Although the physics explored in these books is fairly basic, and includes the same topics that you would expect to find in a high school physics course, including properties of matter, heat and temperature, magnets, electric circuits, light and optics, kinematics, and astronomy, the books are not really for high school students. From a purely intellectual perspective, the material would be suitable for a high school class, but it would not be practical in most classrooms because of the high level of independent work it requires from groups. For many, maybe most, high school teachers using the Physics by Inquiry curriculum in unmodified form would be a classroom management disaster.
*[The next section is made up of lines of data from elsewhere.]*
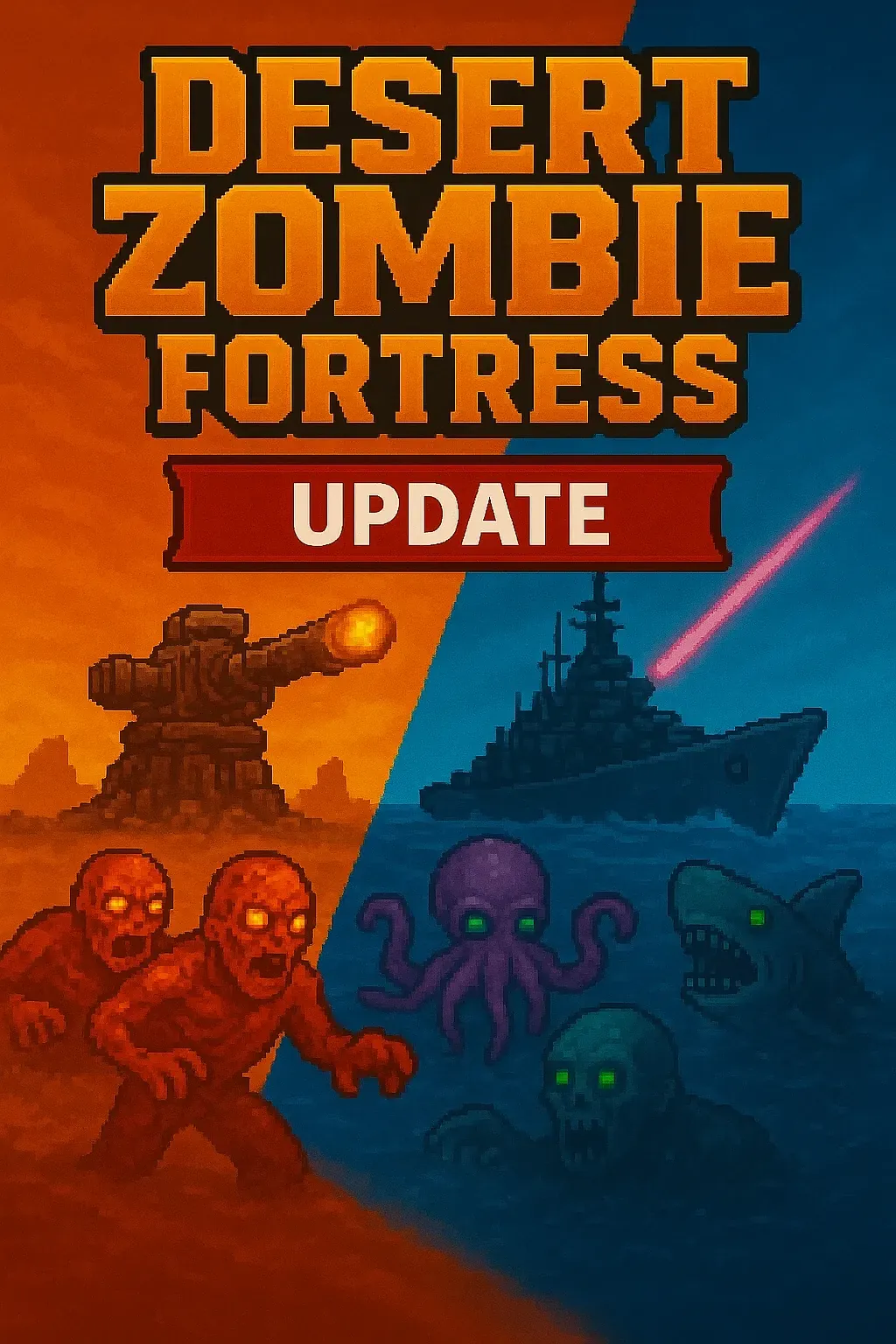 Desert Zombie Fortress | Astrocade
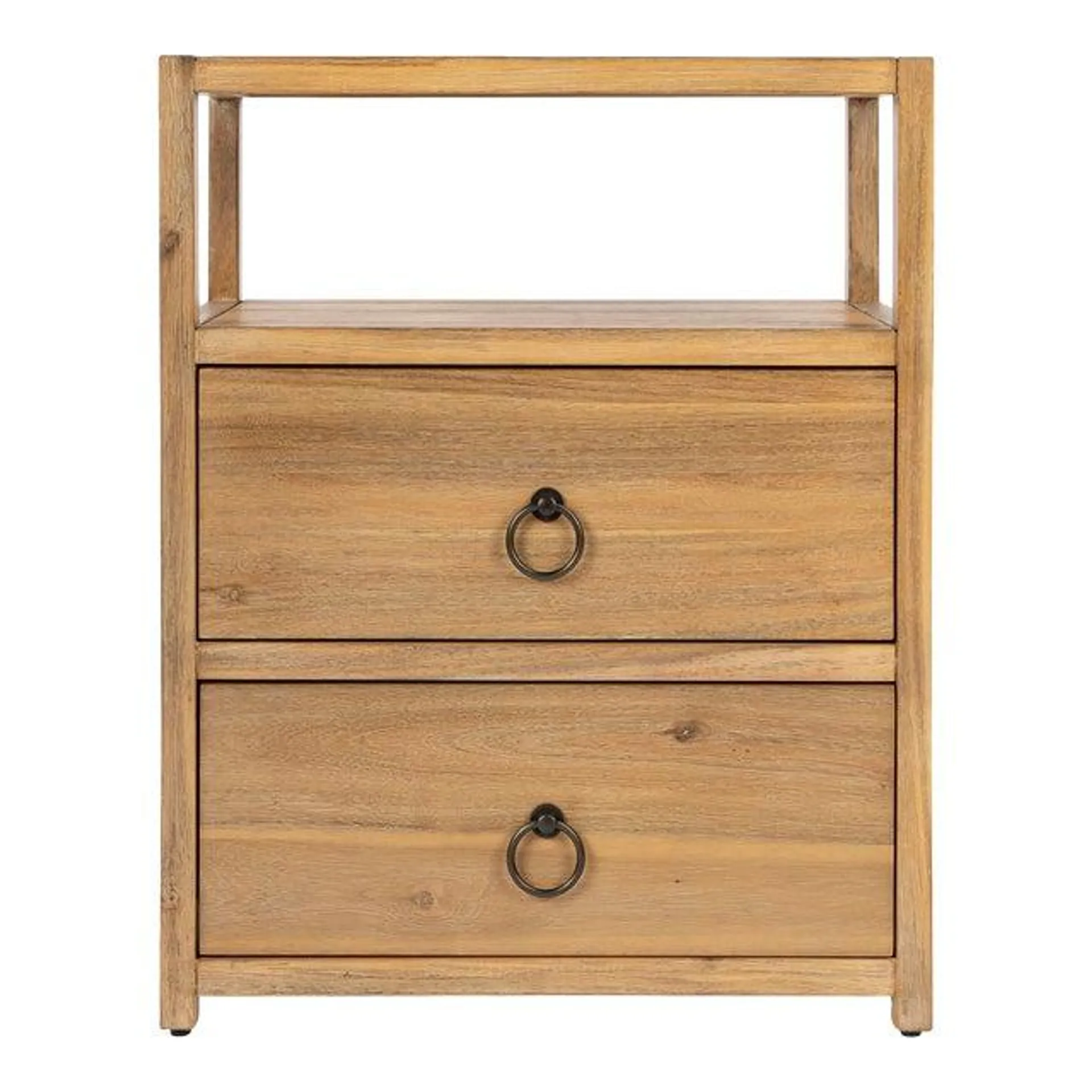 Lark Natural Wood Nightstand, Light Brown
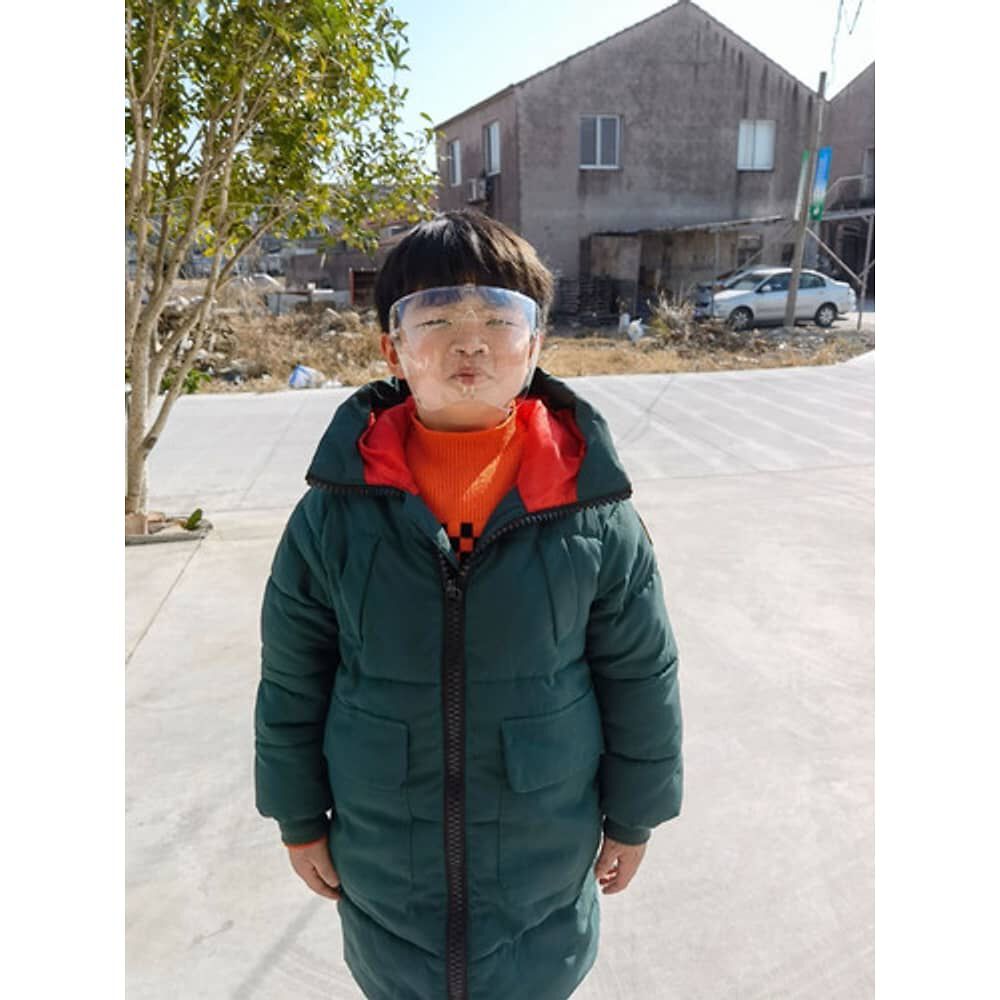 Escudo Rostro Completo Ni&ntilde;os Policarbonato Transparente image number 1.0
Using the ideas in the book in a modified format however, could be enormously successful.
(Although I wouldn’t want to use an unmodified Physics by Inquiry curriculum in most high schools, I would certainly recommend it to a homeschool group, if they have a teacher who is knowledgeable enough to use it.)
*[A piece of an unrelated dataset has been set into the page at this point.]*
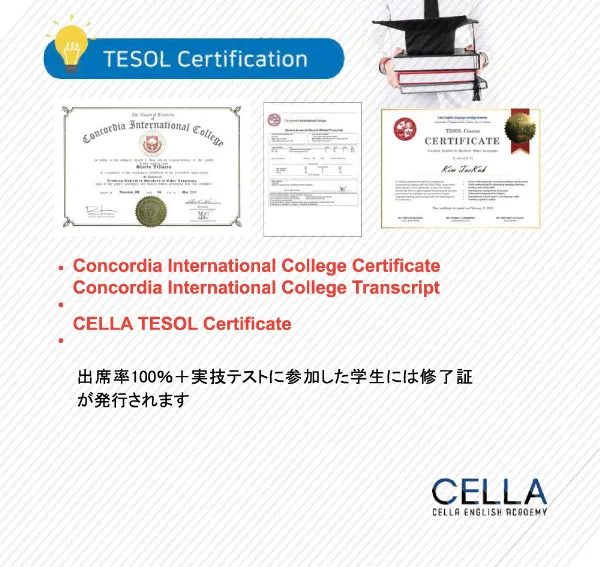 CELLATESOL コース|TESOL(2)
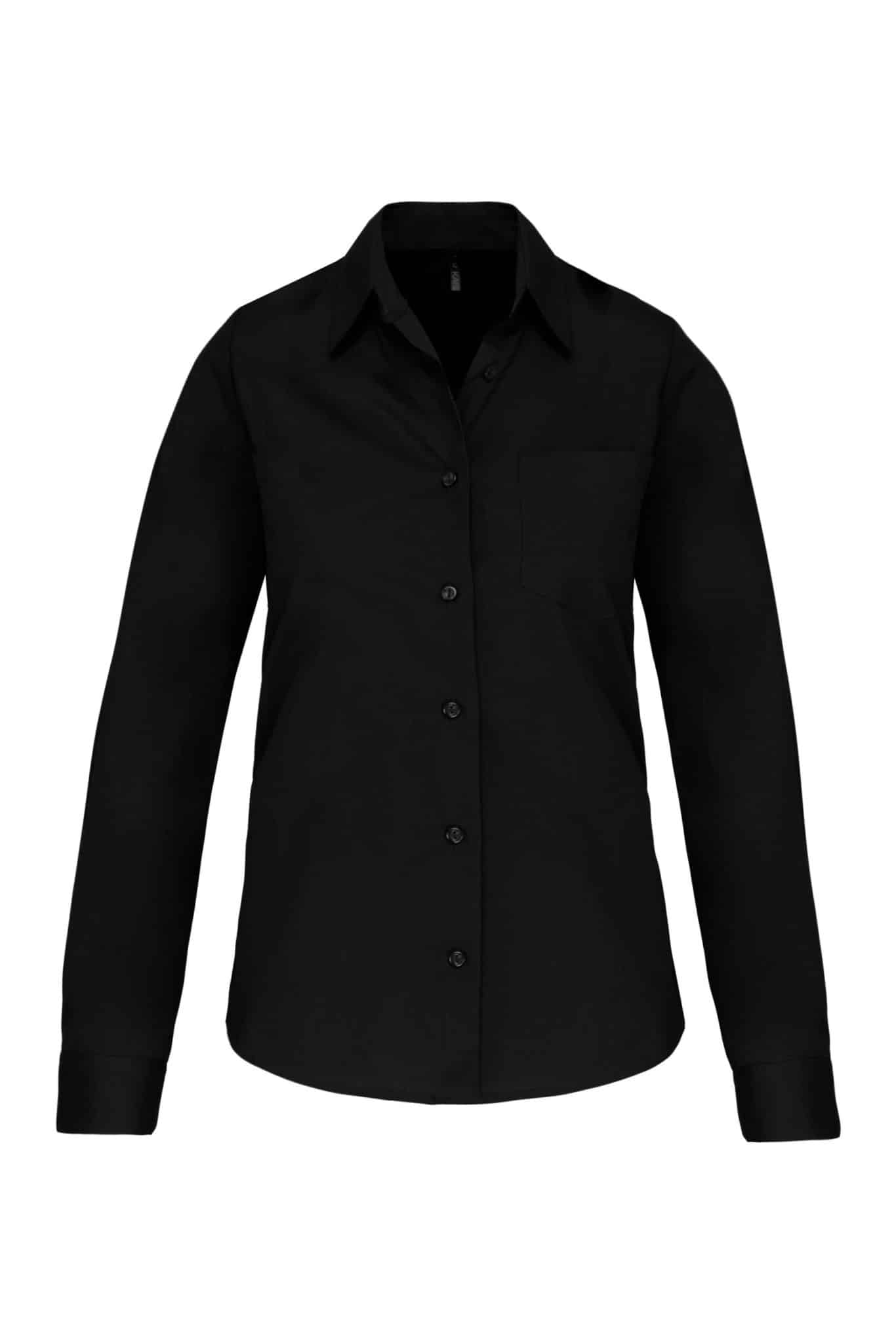 Miniature 11 pour Chemise popeline manches longues femme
Another practical problem with the Physics by Inquiry format is that it is relatively time-consuming. For example, in the two one-semester college courses I took with this text, we covered a total of only three units. One could make a strong argument that quality of learning matters more that quantity of topics covered, but when students must take standardized exams at the end of the year, that argument begins to feel weak.
As a tutor, I try to be very mindful of the lessons I learned from these books: knowledge really is more powerful when it is created by the student and skilful questioning can lead to excellent results. Physics by Inquiry is a book that I can wholeheartedly recommend to teachers, homeschooling parents, and those curious about physics or the process of scientific inquiry.